[Dataset items]

Start of Block

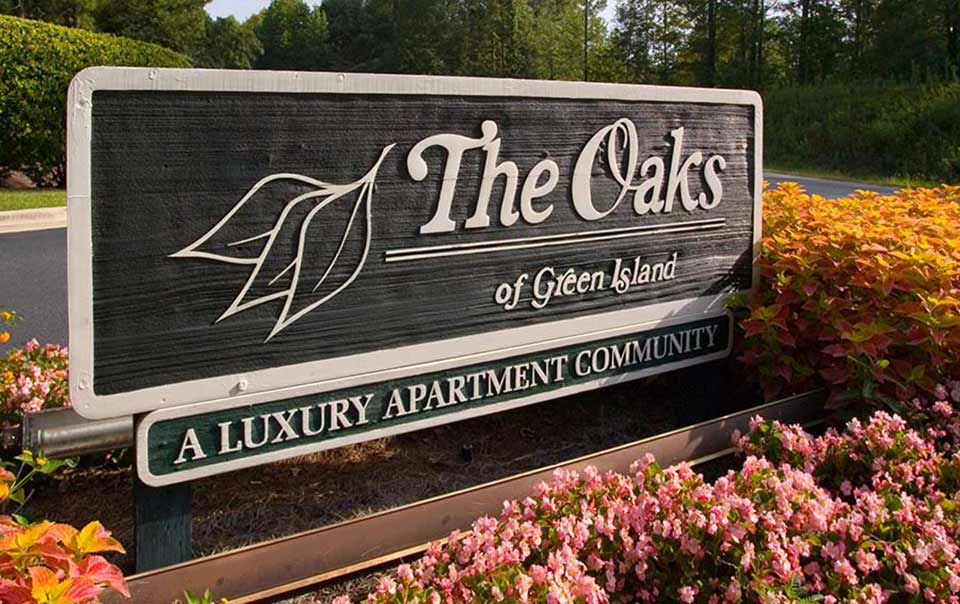 The Oak welcome sign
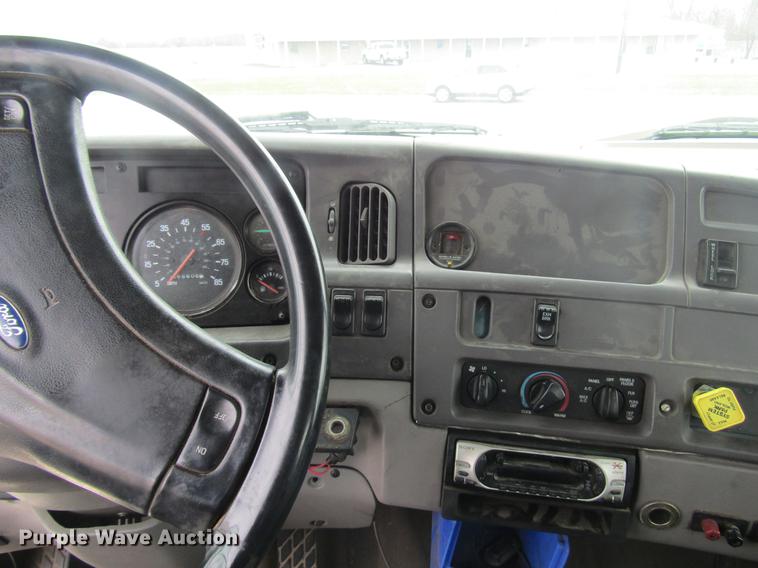 image for item DD7429 1998 Ford L8513 Louisville 113 service truck with crane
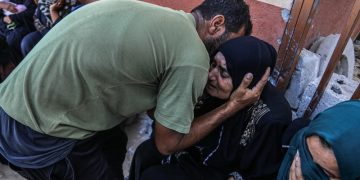 গাজার খান ইউনিসে দাফনের জন্য নাসের হাসপাতাল থেকে মৃতদেহ নিয়ে যাওয়া হলে ইসরায়েলি হামলায় নিহত ফিলিস্তিনিদের স্বজনরা শোক প্রকাশ করছেন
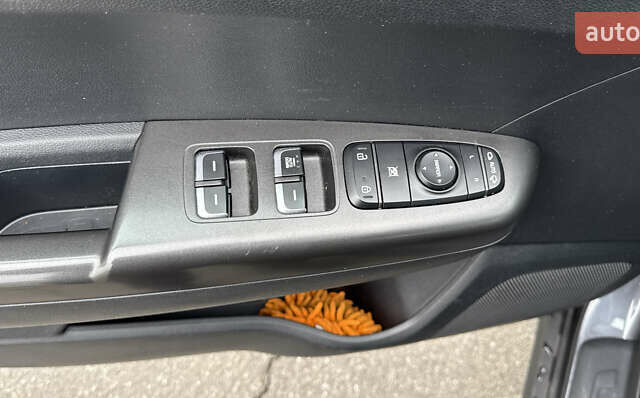 Сірий Кіа Sportage, об'ємом двигуна 1.69 л та пробігом 83 тис. км за 18500 $, фото 1 на Automoto.ua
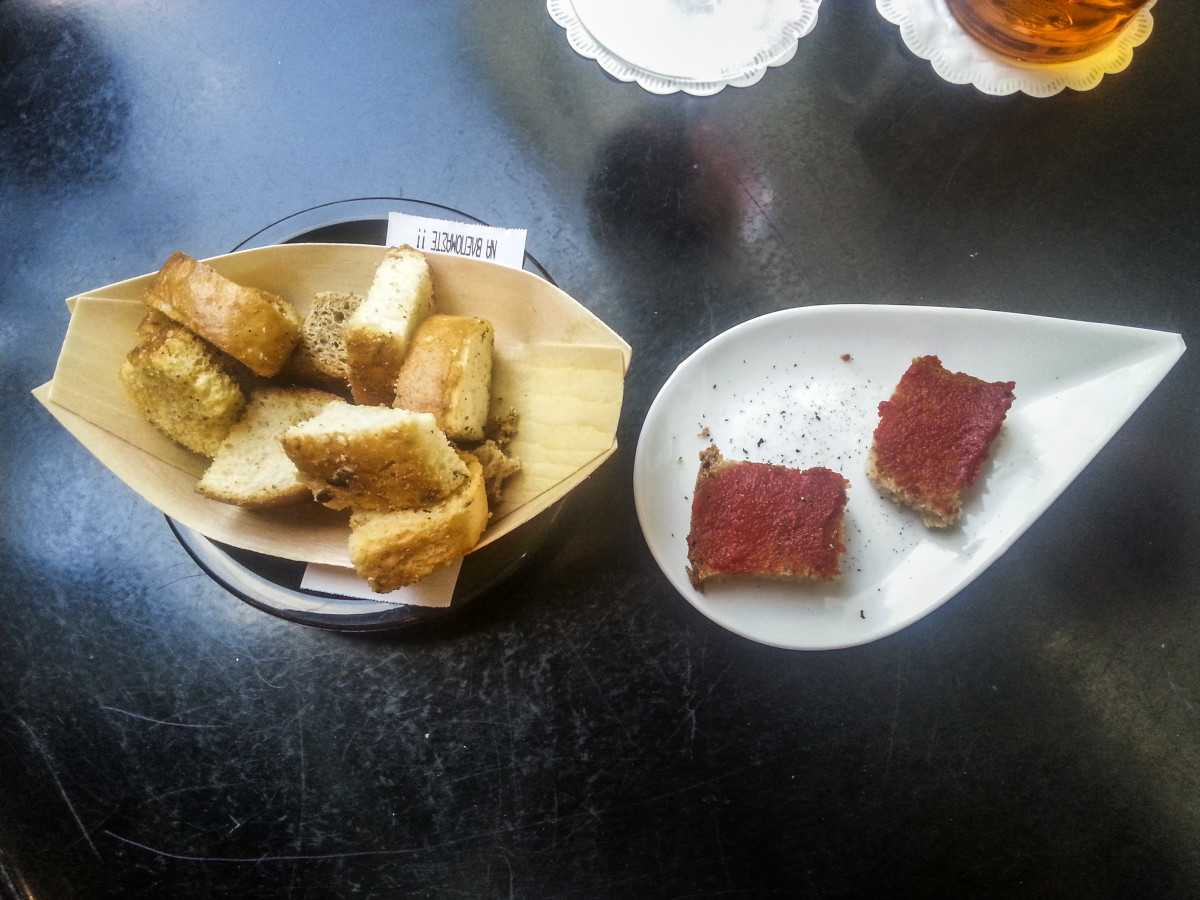 Heteroclito_Wine_Bar_DownTown_Athens_Meze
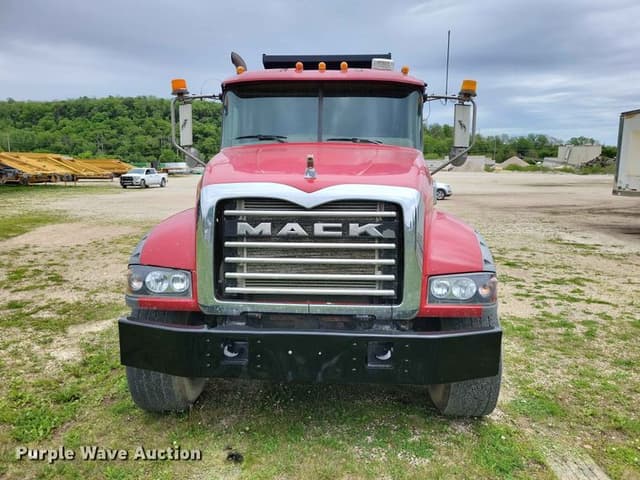 Image of Mack GU713 equipment image 1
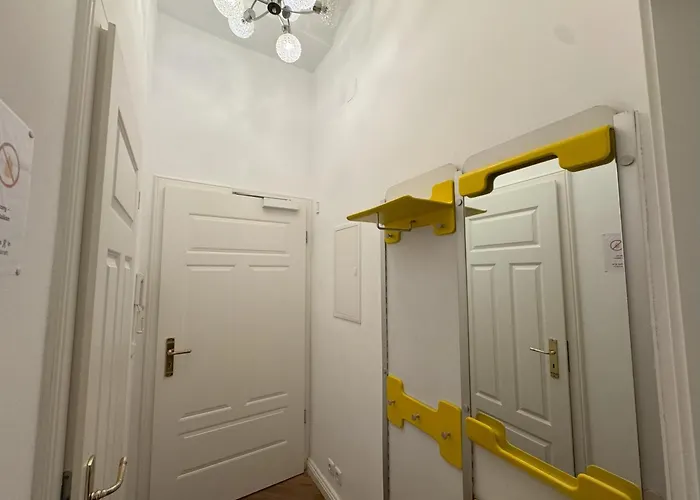 M M 70's Style Berlin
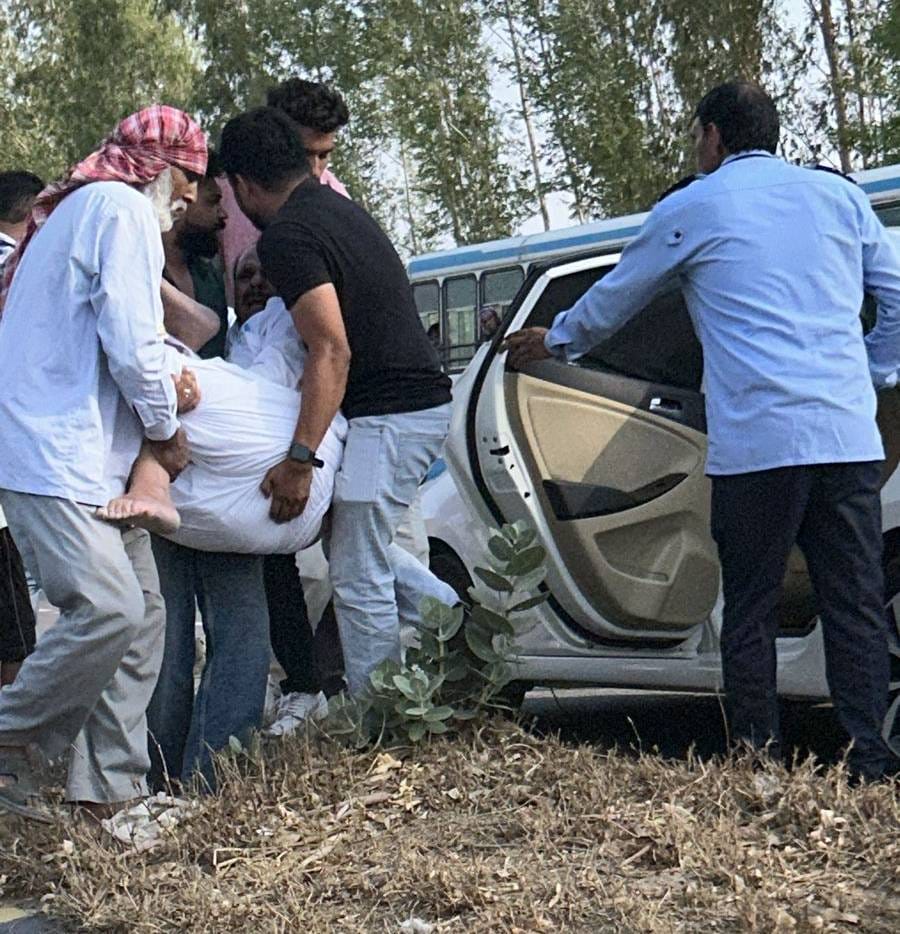 Two cars and canter collide near Baropal, seven people injured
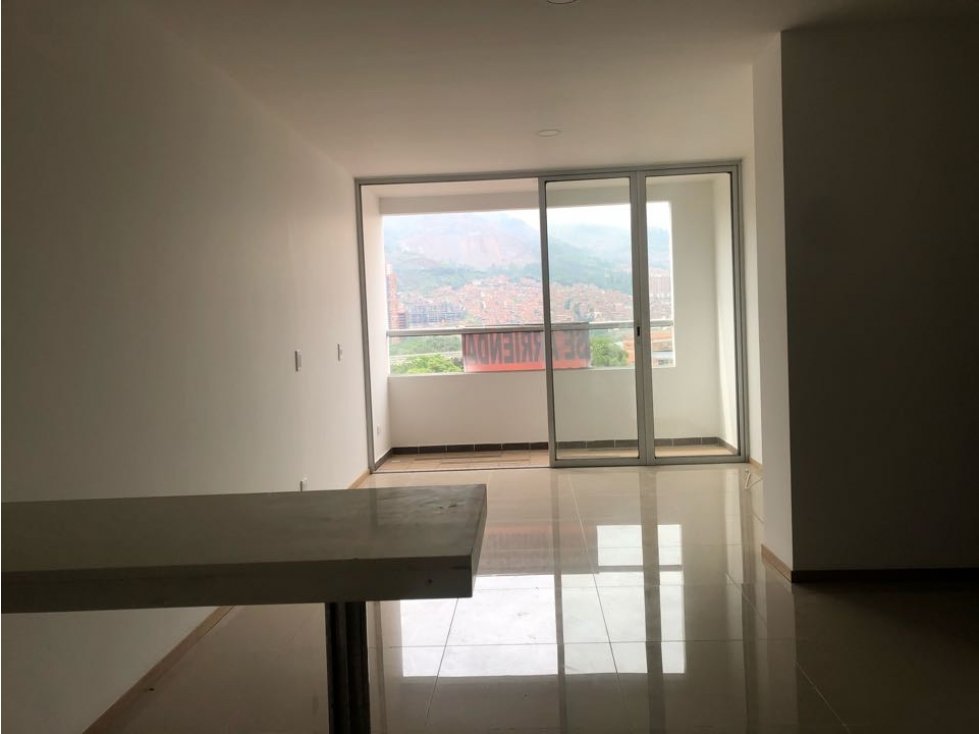 SE ARRIENDA APARTAMENTO EN BELLO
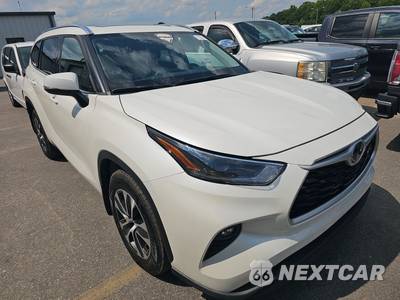 2021 Toyota Highlander XLE - zdjęcie 3 z 25 - miniatura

End of Block

Repeat the records above exactly. Pictures do not belong in the copy.

= The completed task =
 The Oak welcome sign
 image for item DD7429 1998 Ford L8513 Louisville 113 service truck with crane
 গাজার খান ইউনিসে দাফনের জন্য নাসের হাসপাতাল থেকে মৃতদেহ নিয়ে যাওয়া হলে ইসরায়েলি হামলায় নিহত ফিলিস্তিনিদের স্বজনরা শোক প্রকাশ করছেন
 Сірий Кіа Sportage, об'ємом двигуна 1.69 л та пробігом 83 тис. км за 18500 $, фото 1 на Automoto.ua
 Heteroclito_Wine_Bar_DownTown_Athens_Meze
 Image of Mack GU713 equipment image 1
 M M 70's Style Berlin
 Two cars and canter collide near Baropal, seven people injured
 SE ARRIENDA APARTAMENTO EN BELLO
 2021 Toyota Highlander XLE - zdjęcie 3 z 25 - miniatura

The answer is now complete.